A collation (a rule set used for determining string matches) must be specified.

Soda uses the `SQL_Latin1_General_Cp1_CS_AS`, which is **case-sensitive** and **accent-sensitive**, so `a` and `A` are not equal, and accented characters (such as `é`) are treated distinctly.

* **Pattern handling**

Regex patterns are wrapped in `%…%`, so any substring match within the column value will return `true`.

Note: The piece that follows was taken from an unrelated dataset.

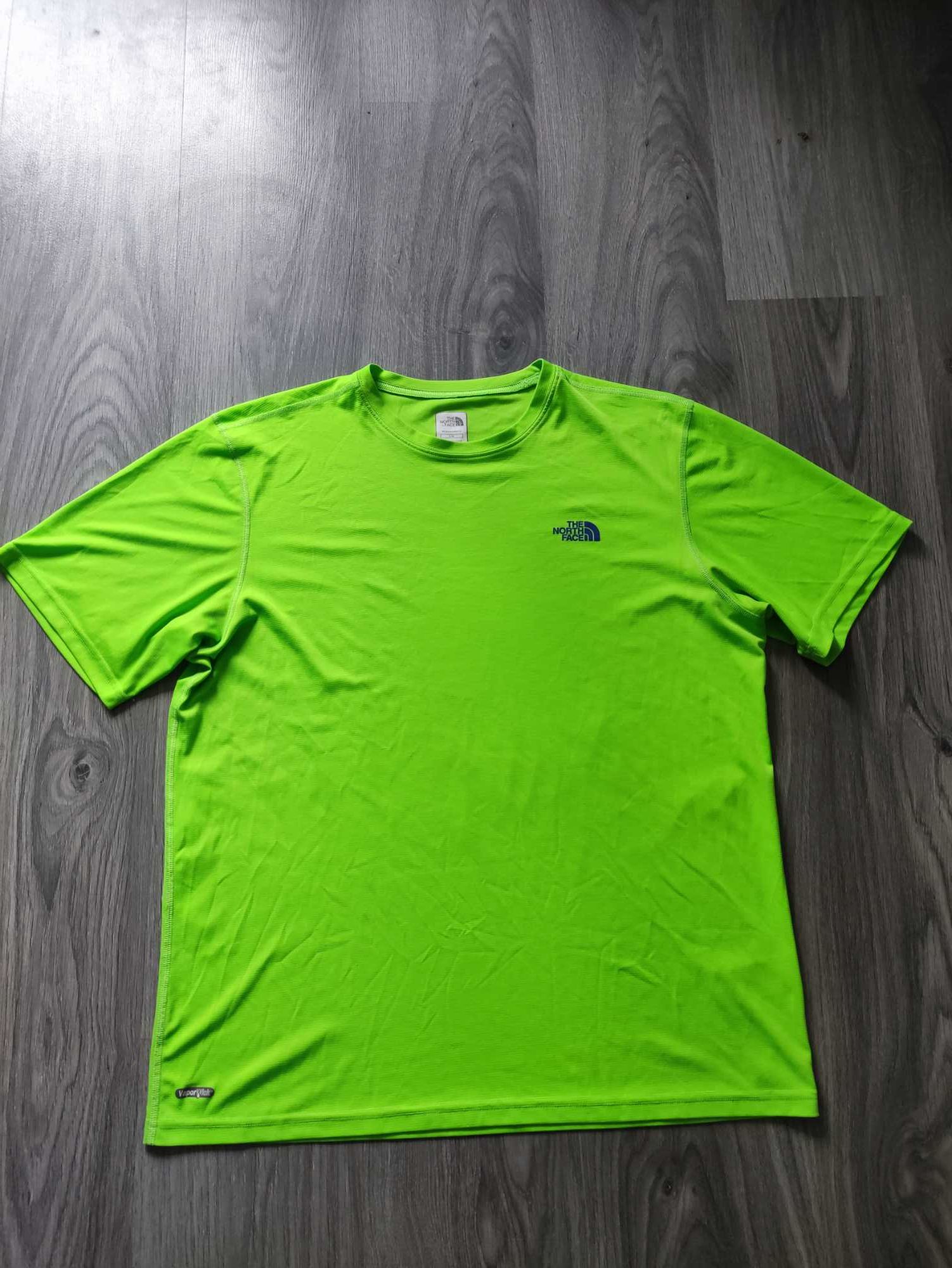 Футболка The North Face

Example: `^abc` becomes `%abc%`, which will match anywhere in the string.

* **Character ranges**\
  In SQL Server and related databases, like Synapse, character range expansion for alpha characters is handled differently than in most regex engines.
  * Soda **auto-expands** the most common ranges for you:
    * `[a-z]` → `[abcdefghijklmnopqrstuvwxyz]`
    * `[A-Z]` → `[ABCDEFGHIJKLMNOPQRSTUVWXYZ]`
  * **Other ranges are not expanded automatically** and you may need to manually expand the full set when defining your pattern.
    * If you need `[0-9]`, `[α-ω]`, or similar, you may have to manually expand them.
    * Example: instead of `[0-9]`, write `[0123456789]`.

### Storage structure

Soda uses a **Heap** table storage structure in Synapse. Unlike indexed structures, **Heap stores rows without predefined order or compression**, which is required for compatibility with certain data types used in the warehouse (VARCHAR(MAX), TEXT, and XML) without character limits.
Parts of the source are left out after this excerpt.